Some time during May, Autocade exceeded 13 million page views. I can’t tell you the exact day, since it wasn’t a milestone that we’re socialized into noticing: I just happened across it one evening last week. It’s currently on 3,665 model entries, the latest being the Porsche 944. Admittedly, we haven’t added the premium brands as quickly as some mainstream ones.
   Since I’ve kept a log of this since the site’s inception (for reasons unknown to me now!), here’s how the traffic has progressed:

March 2008: launch
April 2011: 1,000,000 (three years for first million)
March 2012: 2,000,000 (11 months for second million)
May 2013: 3,000,000 (14 months for third million)
January 2014: 4,000,000 (eight months for fourth million)
September 2014: 5,000,000 (eight months for fifth million)
May 2015: 6,000,000 (eight months for sixth million)
October 2015: 7,000,000 (five months for seventh million)
March 2016: 8,000,000 (five months for eighth million)
August 2016: 9,000,000 (five months for ninth million)
February 2017: 10,000,000 (six months for tenth million)
June 2017: 11,000,000 (four months for eleventh million)
January 2018: 12,000,000 (seven months for twelfth million)
May 2018: 13,000,000 (four months for thirteenth million)

   In other words, it has had more visitors in the last four months than in the same period prior to that. If the June 2017–January 2018 period was anomalous, then we could say that Autocade is getting progressively more traffic.

Incidentally, Nissan, in both Australia and New Zealand, stopped selling passenger cars (apart from the 370Z and GT-R) last year, but it was only recently I came across their explanation.

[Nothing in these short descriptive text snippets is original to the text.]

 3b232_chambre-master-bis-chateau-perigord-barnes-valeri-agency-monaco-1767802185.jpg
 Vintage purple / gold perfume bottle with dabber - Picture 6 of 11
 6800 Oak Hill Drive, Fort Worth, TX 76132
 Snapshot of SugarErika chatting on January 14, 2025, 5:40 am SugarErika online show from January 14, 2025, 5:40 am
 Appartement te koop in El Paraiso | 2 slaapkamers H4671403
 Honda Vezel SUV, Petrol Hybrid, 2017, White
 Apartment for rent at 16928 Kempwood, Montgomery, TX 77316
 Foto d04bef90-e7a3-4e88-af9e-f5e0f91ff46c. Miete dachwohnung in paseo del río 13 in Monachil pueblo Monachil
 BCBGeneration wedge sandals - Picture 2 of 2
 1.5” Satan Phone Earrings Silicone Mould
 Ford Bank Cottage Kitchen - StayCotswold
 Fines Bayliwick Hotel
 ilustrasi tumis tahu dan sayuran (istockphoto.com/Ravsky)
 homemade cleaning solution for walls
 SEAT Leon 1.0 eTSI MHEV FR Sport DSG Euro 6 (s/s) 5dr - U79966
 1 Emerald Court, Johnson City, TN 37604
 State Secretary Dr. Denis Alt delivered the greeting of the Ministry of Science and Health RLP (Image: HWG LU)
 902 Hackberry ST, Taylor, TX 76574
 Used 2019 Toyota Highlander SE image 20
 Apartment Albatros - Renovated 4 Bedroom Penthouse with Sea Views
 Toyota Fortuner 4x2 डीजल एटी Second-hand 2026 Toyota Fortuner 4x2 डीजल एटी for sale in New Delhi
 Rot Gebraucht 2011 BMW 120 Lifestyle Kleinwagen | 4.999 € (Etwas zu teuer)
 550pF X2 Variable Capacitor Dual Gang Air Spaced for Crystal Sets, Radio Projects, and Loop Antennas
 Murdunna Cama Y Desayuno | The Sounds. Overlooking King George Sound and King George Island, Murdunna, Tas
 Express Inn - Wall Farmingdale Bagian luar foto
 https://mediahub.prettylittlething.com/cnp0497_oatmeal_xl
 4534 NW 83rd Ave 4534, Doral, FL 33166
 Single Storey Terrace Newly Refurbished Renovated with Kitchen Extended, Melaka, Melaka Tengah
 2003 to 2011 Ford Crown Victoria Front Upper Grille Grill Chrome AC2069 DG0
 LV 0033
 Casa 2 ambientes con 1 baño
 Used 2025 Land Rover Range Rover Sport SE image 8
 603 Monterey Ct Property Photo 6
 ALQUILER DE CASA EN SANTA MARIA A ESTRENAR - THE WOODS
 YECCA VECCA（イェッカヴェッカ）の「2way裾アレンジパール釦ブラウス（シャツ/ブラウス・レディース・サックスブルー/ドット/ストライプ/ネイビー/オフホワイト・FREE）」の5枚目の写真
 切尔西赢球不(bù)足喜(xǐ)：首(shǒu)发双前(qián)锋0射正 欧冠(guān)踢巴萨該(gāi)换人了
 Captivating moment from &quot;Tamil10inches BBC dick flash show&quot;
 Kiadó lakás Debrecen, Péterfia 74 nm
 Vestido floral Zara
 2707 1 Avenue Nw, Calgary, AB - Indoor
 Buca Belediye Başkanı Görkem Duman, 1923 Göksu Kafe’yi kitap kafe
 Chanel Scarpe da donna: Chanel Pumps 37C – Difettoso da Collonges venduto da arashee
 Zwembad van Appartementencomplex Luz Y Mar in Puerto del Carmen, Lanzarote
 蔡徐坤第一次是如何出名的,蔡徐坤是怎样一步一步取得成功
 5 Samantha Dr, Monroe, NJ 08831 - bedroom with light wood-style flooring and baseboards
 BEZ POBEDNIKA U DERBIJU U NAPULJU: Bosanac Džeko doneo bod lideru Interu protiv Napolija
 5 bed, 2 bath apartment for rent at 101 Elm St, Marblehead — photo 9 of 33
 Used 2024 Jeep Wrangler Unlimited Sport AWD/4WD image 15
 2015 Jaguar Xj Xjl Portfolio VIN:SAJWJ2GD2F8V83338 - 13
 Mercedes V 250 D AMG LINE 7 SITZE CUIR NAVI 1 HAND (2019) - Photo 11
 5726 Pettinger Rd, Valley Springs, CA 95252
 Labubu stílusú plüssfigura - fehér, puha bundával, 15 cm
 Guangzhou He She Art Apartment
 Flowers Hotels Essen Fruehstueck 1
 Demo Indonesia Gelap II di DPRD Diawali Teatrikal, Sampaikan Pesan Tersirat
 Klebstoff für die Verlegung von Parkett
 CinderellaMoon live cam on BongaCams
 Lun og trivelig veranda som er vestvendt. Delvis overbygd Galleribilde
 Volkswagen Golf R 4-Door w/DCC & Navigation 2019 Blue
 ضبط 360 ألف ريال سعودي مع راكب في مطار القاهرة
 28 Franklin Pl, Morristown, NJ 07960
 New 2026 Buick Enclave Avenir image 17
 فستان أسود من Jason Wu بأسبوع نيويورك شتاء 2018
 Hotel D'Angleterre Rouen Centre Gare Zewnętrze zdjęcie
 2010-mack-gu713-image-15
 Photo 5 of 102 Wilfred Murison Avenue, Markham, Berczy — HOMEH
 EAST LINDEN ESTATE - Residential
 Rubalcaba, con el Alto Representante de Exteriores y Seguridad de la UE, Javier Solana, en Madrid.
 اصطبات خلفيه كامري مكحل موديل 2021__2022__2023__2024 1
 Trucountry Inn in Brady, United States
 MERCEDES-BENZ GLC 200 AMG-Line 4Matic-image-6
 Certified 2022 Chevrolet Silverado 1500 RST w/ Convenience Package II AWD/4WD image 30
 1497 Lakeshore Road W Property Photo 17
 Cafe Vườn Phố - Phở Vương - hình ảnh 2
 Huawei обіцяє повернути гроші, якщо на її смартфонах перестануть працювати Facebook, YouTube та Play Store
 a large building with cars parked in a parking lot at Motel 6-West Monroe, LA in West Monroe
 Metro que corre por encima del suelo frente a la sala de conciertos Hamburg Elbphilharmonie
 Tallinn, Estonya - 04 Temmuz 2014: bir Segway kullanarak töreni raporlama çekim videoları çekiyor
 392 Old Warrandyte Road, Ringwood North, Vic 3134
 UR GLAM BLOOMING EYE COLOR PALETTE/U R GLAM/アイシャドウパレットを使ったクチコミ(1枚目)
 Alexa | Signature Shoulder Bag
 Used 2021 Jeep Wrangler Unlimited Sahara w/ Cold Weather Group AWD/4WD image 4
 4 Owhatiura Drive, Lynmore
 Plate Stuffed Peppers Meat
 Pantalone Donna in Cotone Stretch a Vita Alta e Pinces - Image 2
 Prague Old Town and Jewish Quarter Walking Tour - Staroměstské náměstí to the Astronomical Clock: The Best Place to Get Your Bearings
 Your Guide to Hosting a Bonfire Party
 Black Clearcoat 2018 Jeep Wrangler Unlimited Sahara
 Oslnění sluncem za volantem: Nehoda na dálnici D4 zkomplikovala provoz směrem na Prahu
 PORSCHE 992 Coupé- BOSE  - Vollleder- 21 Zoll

I had thought it was supply and demand, that people were heading into trucks, crossovers and SUVs more, but the official explanation is that Nissan knew about new Euro 5b emissions’ regulations and couldn’t be arsed to meet them.
   There are some supply and demand issues here: Nissan claims they were small volume, and the Pulsar ‘was mostly sold directly as a rental.’
   Still, to turn away even the rental market and hand it over to someone else doesn’t make sense, especially as a well understood rule in marketing is that it costs a lot more to get a new client than it does to retain an existing one.
   There’s no way Nissan didn’t know of this impending change, and it’s a shame it has exited a sector which it once sold very well in (remember the Sunny, or Datsun 120Y, of the 1970s?). With Renault New Zealand even more patchy in passenger-car sales, Renault Nissan Mitsubishi could find itself with a very small footprint here with passenger cars, especially as petrol prices hit their highest level yet. I’ve seen one sign where 95 octane is going for above NZ$2·40 per litre, and I paid a few cents shy of that last week.
   There are Qashqais and X-trails everywhere here, and maybe the group is perfectly happy with the economies it gets with those models’ Renault Mégane IV platform. And we’re not exactly a massive market.
   It just seems a bit short-sighted to me.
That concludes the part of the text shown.